An administrative insider has been picked to lead the Faculty Senate, bringing with her a background that she said will allow for more collaboration between top leaders and faculty.
Scheherazade Rehman, an international business professor, said Friday that while the Faculty Senate sometimes clashes with the administration, she has seen stronger ties in the last several years since the arrival of University President Steven Knapp and Provost Steven Lerman.
Rehman, who has been a professor for 24 years, said she hopes to continue strengthening relationships that have improved under “Steve and Steve.” And she said as the University undergoes a transformation under its top leaders, faculty are increasingly working with administrators to weigh in.
“Nobody at this University is interested in standing still anymore, and I believe the Faculty Senate has adopted that mantra,” Rehman said.
The senate’s role is advisory, meaning members can submit resolutions to help shape administrators’ decisions but hold no formal power. Rehman will take control of a senate that is one-third larger than last year, with 11 additional positions that Lerman said would bring new energy and ideas.
A member of the strategic plan steering committee, Rehman met weekly with Lerman and other administrators to create a vision for GW’s next ten years. She said becoming the executive committee chair after being part of the strategic plan process will help the Faculty Senate oversee the plan’s implementation. The plan is likely to be approved by the Board of Trustees Friday.
She joined the executive committee two years ago, after serving for a year on the senate. Minutes of this year’s senate meetings show she attended only three of the monthly meetings, rarely speaking.
Rehman is the director of the European Union Research Center and travels abroad often, causing her to miss senate meetings in the past. She said the new position will likely keep her in the country more next year.
“There’s always a struggle between my academic part of the work and service,” Rehman said. “But at the same time, I know this University inside out. Being here this long, being here also as a student and watching the changes here as a faculty member.”

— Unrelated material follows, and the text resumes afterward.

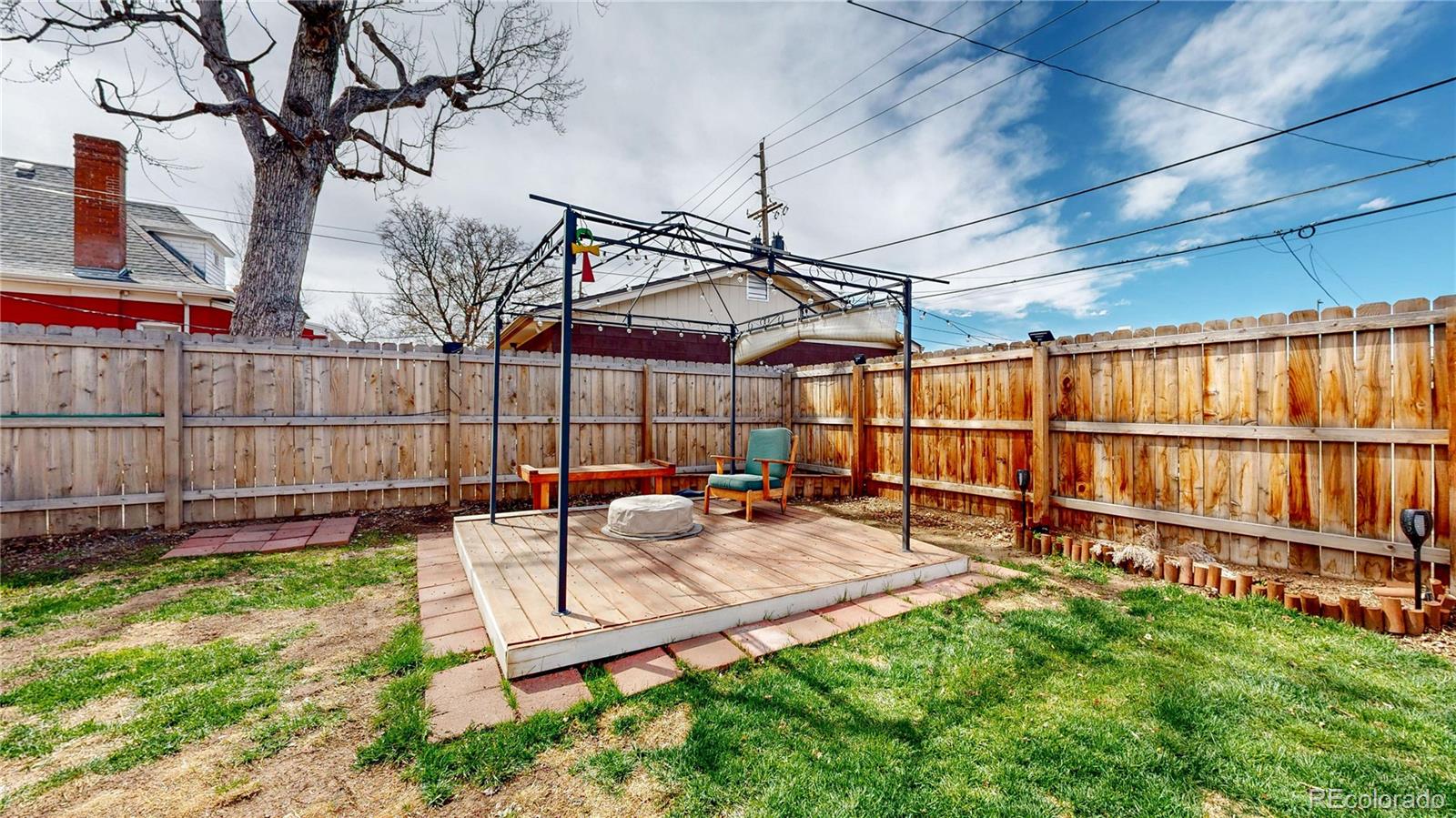 MLS Image #23 for 559 s lincoln street,denver, Colorado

A three-time alumna of the University, Rehman worked as a foreign exchange trader before finishing her education and entering academia.
As well as implementing the strategic plan, Rehman said she hopes to improve the global scope of the University and increase diversity awareness efforts. She said the faculty will work with administrators as GW increases its presence in countries such as China and improves diversity on campus.

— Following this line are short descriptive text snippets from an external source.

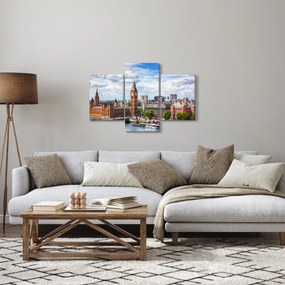 Kép - Big Ben (90x60 cm)
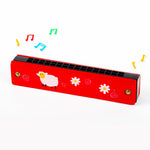 Harmonica for kids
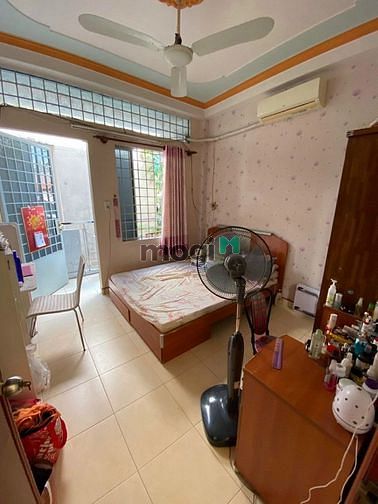 Hình ảnh Nhà Tân Bình - 4Tầng BTCT - Đầy Đủ Công Năng 5.8tỷ
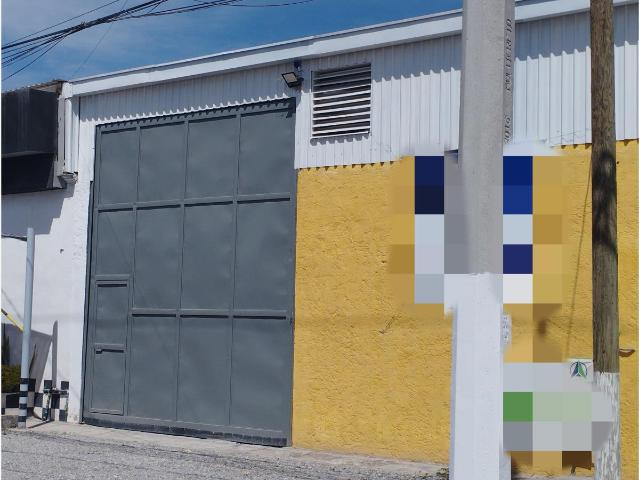 Nave Industrial en renta en Torreón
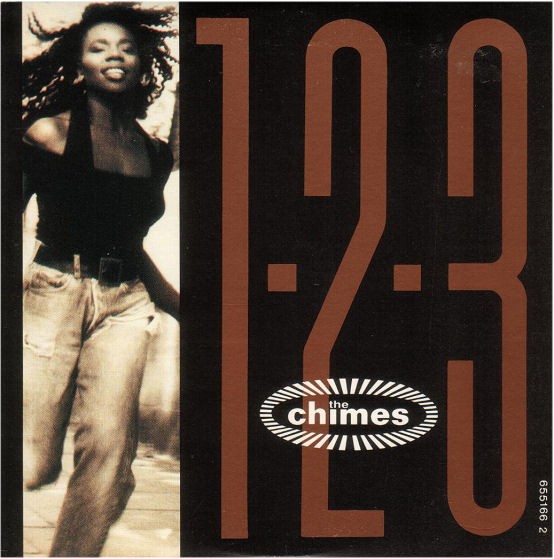 Chimes - 1,2,3 (2 Mixes) / Underestimate (Special Extended Mix)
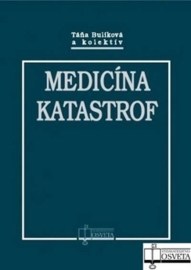 Medicína katastrof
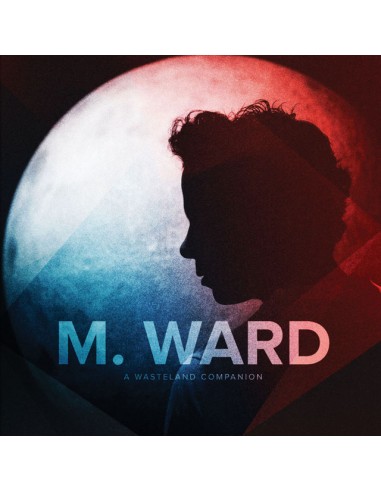 Ward, M. : A Wasteland Companion (LP)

Anthony Yezer, chair of the Faculty Senate research committee, said the senate has been less active in recent years, which he said may be an indicator of faculty contentment, or, more likely, a “lack of confidence” in the senate.
“If the senate isn’t doing much, then the faculty thinks the senate can’t do much,” Yezer said. He criticized the executive committee for not pushing forward with many important resolutions in recent years.

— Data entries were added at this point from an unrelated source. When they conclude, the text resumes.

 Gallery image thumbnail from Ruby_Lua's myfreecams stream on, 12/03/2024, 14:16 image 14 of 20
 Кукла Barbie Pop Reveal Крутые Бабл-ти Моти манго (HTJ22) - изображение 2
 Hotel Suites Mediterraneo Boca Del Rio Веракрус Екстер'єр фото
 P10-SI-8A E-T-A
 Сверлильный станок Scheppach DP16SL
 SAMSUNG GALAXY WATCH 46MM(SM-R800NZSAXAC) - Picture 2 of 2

Donald Parsons, an economics professor and long-serving member of the Faculty Senate called the executive committee dysfunctional, saying it is a “lunch group” that meets with the president and provost each month.
“You don’t really expect much,” Parsons said. “Every once in a while you’ll have a committee where you’ll have some very projective person and they’ll take it somewhere, but most of them you just plop down something unless there’s some leadership somewhere.”
Former executive committee chair Michael Castleberry said it was better for the executive committee to communicate with the administration than pass multiple resolutions, calling the senate meetings “the most collaborative environment for sharing information.”
Lerman, who previously served as the chair of the Massachusetts Institute of Technology faculty, said the number of resolutions passed was not the way to evaluate the success of the senate, adding that much of the interaction between the executive committee and the administration was more casual.
“It’s much more an informal backchannel that complements the more formal channels that happen through the committees of the senate. And I think it’s very healthy, it allows for multiple things to get caught. And if it’s going to be a problem, I’d rather it was sooner rather than later to find out about it,” Lerman said.